Thanks for all your wise words and advise.

Cheers Scott

The important setting is “tidy website links”.

More reading:

Hi Jannis,

Thanks, yes I had read about the “tidy website links” and I always keep that ticked.

But going back to my original questions…what about html or php?

Does it matter at all what the default extension is?

If you have ticked “tidy website links”, all your pages will either named index.html and index.php, and all URLs generated by RW will only contain the folder name, like

The page name is omitted from the URL, and the web server will by default serve first index.html from the folder, and if not available index.php. So SEO isn’t affected.

So, at the end it’s just an (for yourself) internal question what to do here. All you have to the care about is that not 2 both index.html and index.php files are available in one folder, because one is older than the new one.

Hope that helps.

I always set mine to php. So many pages need php for one thing or another and it saves you worrying about whether you have both a php and an html page.

Hi Peter,

Thanks, yes it seems that is the most logical way…but I don’t understand why RW put html as the default?

What…if any, are the disadvantages of using php as the default?

No disadvantages.

Remember there are web servers (like Amazon S3), which only support html files (and no PHP).

In addition to what Jannis said about some servers not having (some charge more) PHP.

There would be additional overhead involved with using PHP extension when there’s no PHP needed. Although if you have a good hosting plan at a good hosting company it should be minimal.

In the past I’ve run “stress tests” on large scale very “tuned” private servers and the difference was nearly unmeasurable. Your results on a shared hosting plan might vary.

Here’s a simplified version of what would cause the performance impact

  1. A tidy link page request comes to the server
  2. The server has a directive (Directoryindex) to determine of what to do with an incomplete path name like tidy links produce.
  3. Most servers have the default set to DirectoryIndex index.html index.cgi index.php So the server will then attempt to read each of the files in left to right order until it hits one. (Notice that’s 3 Read attempts before the PHP file is found).
  4. The server now knows it’s a PHP request so it sends the request to a PHP module to interpret the index.php file for PHP instructions even though there aren’t any the PHP modules have to check. This should be very fast but still will be additional overhead.
  5. The html page with the index.php name is severed.

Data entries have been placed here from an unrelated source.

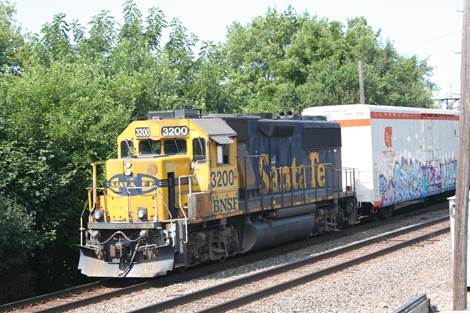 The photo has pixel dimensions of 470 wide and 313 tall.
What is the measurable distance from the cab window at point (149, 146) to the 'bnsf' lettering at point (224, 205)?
66.4 inches

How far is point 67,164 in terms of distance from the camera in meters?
16.4

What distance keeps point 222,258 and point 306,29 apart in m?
36.1

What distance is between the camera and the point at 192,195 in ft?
45.0

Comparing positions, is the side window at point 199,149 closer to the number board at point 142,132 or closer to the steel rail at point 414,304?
the number board at point 142,132

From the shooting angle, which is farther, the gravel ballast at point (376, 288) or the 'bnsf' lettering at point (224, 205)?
the 'bnsf' lettering at point (224, 205)

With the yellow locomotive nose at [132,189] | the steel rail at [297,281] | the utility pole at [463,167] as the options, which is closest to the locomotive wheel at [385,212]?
the steel rail at [297,281]

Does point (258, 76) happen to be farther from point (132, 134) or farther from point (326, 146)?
point (132, 134)

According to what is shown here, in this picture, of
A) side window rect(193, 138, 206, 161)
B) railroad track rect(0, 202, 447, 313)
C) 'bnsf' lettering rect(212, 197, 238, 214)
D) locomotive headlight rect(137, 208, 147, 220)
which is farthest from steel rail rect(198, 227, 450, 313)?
side window rect(193, 138, 206, 161)

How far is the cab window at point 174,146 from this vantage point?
14.7 meters

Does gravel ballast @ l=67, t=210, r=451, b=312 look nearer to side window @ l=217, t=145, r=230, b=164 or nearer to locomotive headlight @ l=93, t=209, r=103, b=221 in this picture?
locomotive headlight @ l=93, t=209, r=103, b=221

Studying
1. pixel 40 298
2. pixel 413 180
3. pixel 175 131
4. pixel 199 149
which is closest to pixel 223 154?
pixel 199 149

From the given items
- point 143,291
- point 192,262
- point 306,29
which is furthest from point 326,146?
point 306,29

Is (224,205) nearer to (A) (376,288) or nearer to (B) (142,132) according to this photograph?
(B) (142,132)

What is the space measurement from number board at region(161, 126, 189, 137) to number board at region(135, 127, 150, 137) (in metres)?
0.37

Now on a “well tuned” server environment the additional overhead would be negligible, but most shared hosts are overloaded at times so any additional overhead can really slow down requests.

If you are going to default to PHP I would recommend that you change the order that the server “looks” for the files. On Apache add this to your htaccess file:

DirectoryIndex index.php index.html index.cgi

Hi Doug,

Excellent work…a very thorough and helpful answer.

I’ll probably stick with html and let RW change any pages to php that it needs to…and continue to ensure that “tidy website links” is ticked.